I'm considering buying a cheap HS80 with used up tracks. I can purchase a pair of original tracks but it would amount to more than half of the price of the machine itself.

The total cost would still be less than a new machine.

But if I can mod it to accept tracks that are still available, it would be even better.


----------



## orangputeh (Nov 24, 2016)

tekaos said:


> Anyone got around to do the HS80 / HS55 track retrofit Dodge mentioned?
> 
> I'm considering buying a cheap HS80 with used up tracks. I can purchase a pair of original tracks but it would amount to more than half of the price of the machine itself.
> 
> ...


there is a hs80 around here for 50 bucks with good tracks but no motor. i thought of getting it just for parts.

maybe you can find a cheap donor machine in your neck of the woods.


----------



## YSHSfan (Jun 25, 2014)

orangputeh said:


> there is a hs80 around here for 50 bucks with good tracks but no motor. i thought of getting it just for parts.
> 
> maybe you can find a cheap donor machine in your neck of the woods.
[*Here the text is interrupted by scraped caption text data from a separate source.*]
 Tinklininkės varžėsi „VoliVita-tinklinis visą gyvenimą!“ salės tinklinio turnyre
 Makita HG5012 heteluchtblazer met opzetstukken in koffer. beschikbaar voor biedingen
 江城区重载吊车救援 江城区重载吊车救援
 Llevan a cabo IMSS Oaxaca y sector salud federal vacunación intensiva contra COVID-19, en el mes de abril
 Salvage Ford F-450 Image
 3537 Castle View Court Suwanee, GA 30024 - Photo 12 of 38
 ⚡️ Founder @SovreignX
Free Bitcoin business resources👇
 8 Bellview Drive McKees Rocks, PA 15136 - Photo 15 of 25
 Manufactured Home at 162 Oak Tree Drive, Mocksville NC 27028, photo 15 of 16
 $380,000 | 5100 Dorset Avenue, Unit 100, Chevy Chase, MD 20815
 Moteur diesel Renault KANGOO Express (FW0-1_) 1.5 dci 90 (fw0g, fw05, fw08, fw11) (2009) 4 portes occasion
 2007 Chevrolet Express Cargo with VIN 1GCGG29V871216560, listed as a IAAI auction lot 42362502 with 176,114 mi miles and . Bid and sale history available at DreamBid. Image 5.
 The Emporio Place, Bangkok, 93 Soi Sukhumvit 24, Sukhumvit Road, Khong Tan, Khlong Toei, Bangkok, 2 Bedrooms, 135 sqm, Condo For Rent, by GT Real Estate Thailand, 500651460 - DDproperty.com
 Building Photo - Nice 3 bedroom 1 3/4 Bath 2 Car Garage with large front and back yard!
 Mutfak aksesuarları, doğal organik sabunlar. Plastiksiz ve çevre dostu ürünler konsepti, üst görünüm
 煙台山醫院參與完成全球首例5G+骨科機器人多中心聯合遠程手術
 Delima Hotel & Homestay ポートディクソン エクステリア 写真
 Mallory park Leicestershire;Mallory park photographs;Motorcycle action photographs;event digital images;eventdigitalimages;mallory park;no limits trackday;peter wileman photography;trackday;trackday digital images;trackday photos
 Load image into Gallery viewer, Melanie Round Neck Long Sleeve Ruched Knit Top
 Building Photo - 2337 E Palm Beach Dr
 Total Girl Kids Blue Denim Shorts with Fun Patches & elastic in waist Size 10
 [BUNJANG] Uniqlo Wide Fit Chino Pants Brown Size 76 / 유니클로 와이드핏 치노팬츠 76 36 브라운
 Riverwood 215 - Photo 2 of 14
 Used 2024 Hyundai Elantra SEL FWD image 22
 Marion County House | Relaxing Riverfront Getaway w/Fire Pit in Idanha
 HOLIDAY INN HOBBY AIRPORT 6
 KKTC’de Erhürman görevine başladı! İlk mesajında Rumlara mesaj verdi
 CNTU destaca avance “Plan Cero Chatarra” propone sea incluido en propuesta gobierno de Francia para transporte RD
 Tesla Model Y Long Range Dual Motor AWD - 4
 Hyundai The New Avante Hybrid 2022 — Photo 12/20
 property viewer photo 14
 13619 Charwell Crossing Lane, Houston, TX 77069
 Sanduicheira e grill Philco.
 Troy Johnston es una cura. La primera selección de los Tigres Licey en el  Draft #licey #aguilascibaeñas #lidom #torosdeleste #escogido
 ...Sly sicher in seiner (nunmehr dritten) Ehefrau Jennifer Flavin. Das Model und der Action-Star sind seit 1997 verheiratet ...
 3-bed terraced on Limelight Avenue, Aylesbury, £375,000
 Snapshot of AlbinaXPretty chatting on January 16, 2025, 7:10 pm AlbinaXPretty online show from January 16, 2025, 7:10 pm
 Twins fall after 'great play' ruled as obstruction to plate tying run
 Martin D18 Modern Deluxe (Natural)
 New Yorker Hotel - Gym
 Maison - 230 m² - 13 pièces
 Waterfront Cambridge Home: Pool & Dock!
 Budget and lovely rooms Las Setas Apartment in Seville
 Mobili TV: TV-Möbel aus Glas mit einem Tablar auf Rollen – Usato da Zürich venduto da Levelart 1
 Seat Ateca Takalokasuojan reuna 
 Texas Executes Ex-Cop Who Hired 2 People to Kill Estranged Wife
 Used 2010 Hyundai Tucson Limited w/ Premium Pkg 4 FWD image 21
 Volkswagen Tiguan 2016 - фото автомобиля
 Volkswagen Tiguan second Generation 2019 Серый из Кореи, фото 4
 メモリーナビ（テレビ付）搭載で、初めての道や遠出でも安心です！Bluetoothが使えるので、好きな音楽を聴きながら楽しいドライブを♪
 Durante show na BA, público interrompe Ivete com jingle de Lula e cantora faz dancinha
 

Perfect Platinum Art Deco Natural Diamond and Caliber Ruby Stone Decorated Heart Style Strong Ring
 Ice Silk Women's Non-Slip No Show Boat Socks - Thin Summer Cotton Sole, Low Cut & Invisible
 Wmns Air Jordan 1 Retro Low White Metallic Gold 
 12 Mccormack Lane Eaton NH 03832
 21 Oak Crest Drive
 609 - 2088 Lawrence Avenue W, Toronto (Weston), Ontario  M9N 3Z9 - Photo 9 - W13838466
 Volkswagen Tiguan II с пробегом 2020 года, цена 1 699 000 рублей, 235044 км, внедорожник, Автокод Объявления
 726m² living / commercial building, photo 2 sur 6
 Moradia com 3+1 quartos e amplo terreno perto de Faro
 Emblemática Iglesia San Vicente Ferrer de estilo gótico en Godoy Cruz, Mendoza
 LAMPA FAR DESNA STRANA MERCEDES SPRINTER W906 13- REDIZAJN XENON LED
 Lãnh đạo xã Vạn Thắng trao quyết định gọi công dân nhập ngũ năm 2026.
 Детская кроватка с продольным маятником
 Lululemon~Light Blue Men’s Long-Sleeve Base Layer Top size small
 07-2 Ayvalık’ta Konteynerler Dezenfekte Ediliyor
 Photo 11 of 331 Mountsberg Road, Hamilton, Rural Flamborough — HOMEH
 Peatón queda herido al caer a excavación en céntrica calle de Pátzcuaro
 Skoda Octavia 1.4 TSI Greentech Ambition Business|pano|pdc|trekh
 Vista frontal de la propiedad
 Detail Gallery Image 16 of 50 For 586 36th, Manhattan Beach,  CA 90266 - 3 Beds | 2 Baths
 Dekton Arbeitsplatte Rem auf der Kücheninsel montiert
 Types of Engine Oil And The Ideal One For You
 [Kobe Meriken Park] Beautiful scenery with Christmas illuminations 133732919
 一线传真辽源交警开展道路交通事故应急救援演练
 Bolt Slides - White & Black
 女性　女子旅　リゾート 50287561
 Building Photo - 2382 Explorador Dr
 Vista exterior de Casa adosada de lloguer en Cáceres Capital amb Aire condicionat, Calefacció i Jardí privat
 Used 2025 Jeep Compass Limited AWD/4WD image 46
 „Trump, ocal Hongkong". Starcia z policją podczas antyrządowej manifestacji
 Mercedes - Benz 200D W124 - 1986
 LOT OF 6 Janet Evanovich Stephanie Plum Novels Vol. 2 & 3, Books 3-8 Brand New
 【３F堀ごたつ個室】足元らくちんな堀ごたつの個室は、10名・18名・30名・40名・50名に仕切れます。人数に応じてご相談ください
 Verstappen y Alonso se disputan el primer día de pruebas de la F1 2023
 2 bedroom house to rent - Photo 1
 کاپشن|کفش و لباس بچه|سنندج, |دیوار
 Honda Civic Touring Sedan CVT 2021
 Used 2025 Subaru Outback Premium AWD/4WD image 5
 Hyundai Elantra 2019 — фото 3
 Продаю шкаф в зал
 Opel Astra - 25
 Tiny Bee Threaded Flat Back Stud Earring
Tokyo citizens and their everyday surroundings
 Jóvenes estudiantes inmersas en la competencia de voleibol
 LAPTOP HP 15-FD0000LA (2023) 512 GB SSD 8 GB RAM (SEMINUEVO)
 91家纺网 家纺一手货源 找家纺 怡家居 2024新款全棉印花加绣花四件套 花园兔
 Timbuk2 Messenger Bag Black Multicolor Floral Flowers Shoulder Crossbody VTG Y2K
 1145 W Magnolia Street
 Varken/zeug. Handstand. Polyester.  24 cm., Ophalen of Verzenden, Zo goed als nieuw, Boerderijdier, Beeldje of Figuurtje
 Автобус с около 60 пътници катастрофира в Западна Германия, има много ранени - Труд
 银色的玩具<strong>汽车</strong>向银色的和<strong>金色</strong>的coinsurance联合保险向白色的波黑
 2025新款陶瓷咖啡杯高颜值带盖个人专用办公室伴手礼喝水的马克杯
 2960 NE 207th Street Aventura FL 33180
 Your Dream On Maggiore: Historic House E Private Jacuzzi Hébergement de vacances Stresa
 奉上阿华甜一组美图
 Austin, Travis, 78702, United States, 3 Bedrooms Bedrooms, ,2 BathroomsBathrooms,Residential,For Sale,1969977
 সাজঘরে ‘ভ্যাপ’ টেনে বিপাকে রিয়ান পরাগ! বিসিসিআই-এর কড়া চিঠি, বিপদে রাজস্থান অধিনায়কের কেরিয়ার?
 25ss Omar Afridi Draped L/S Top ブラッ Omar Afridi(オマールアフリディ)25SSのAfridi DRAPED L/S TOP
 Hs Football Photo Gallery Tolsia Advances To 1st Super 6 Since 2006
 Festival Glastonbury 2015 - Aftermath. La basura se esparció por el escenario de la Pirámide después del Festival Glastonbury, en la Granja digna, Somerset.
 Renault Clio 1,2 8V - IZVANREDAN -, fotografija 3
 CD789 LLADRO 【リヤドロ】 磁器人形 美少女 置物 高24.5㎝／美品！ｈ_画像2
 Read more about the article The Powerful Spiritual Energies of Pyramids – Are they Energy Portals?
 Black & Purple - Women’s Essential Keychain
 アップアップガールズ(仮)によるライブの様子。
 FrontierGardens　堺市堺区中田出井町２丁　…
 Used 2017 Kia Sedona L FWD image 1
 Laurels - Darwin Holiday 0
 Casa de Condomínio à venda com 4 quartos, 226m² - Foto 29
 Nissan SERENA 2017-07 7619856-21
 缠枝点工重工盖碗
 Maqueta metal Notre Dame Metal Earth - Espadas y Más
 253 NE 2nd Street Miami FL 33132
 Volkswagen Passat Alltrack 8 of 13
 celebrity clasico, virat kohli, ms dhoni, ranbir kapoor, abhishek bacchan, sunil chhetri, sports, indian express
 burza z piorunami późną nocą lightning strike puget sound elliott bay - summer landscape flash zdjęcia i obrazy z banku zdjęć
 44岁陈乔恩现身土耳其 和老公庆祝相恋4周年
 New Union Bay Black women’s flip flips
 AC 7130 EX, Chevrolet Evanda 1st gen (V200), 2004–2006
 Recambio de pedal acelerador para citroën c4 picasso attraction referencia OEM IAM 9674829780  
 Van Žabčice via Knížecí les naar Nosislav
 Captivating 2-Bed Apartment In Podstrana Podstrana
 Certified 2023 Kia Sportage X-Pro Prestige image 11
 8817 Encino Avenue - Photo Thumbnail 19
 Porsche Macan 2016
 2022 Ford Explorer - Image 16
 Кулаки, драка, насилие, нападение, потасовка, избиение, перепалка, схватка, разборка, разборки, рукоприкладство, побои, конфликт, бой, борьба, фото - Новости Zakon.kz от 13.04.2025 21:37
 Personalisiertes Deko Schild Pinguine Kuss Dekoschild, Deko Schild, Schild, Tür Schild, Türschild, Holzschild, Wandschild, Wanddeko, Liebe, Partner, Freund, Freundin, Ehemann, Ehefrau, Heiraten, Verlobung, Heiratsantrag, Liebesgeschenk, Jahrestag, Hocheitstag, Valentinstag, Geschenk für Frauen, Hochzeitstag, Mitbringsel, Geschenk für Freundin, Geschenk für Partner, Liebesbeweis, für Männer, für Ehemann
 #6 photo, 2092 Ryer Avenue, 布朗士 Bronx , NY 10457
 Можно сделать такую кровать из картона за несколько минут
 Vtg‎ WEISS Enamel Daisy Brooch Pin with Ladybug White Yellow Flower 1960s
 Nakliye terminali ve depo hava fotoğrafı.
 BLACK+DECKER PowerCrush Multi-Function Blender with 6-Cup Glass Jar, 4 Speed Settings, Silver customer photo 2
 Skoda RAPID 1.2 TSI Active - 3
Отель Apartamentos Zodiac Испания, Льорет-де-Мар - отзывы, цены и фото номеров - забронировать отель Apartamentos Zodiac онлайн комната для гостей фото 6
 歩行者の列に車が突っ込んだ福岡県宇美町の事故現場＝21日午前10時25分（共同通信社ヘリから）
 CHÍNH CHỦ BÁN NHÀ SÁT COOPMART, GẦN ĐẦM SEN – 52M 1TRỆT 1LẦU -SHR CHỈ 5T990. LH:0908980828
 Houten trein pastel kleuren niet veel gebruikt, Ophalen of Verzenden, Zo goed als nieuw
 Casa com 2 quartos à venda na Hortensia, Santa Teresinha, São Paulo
Buy it. Sell the tracks and use the tranny parts for your HS55 (?). Sell the rest of the components on eBay.


----------



## FLSTN (Sep 19, 2014)

I have a pair of NOS HS80 tracks... Never mounted. If i sell my 80 ? i may sell the tracks as i don't know if buyer would pay for the new tracks. I'm not giving them with my 80 as the tracks on it are still good. P M me.


----------



## orangputeh (Nov 24, 2016)

YSHSfan said:


> Buy it. Sell the tracks and use the tranny parts for your HS55 (?). Sell the rest of the components on eBay.


ya , maybe. I know a member here who sells all kinds of parts on ebay... sidewinder.


----------



## YSHSfan (Jun 25, 2014)

orangputeh said:


> ya , maybe. I know a member here who sells all kinds of parts on ebay... sidewinder.


Yes, I believe he is actually 'sidegrinder'.

There are a few parts sellers on eBay for the older HSXX friction wheel units, but I've seen some listings that IMHO are way over priced (with the excuse that it is a NLA part), for a single part they want to get more than what you pay for the whole machine. If it was me, I'd price them more reasonably and sell more items (moving more inventory instead of sitting on a part for months or even years).


----------



## 43128 (Feb 14, 2014)

YSHSfan said:


> Yes, I believe he is actually 'sidegrinder'.
> 
> There are a few parts sellers on eBay for the older HSXX friction wheel units, but I've seen some listings that IMHO are way over priced (with the excuse that it is a NLA part), for a single part they want to get more than what you pay for the whole machine. If it was me, I'd price them more reasonably and sell more items (moving more inventory instead of sitting on a part for months or even years).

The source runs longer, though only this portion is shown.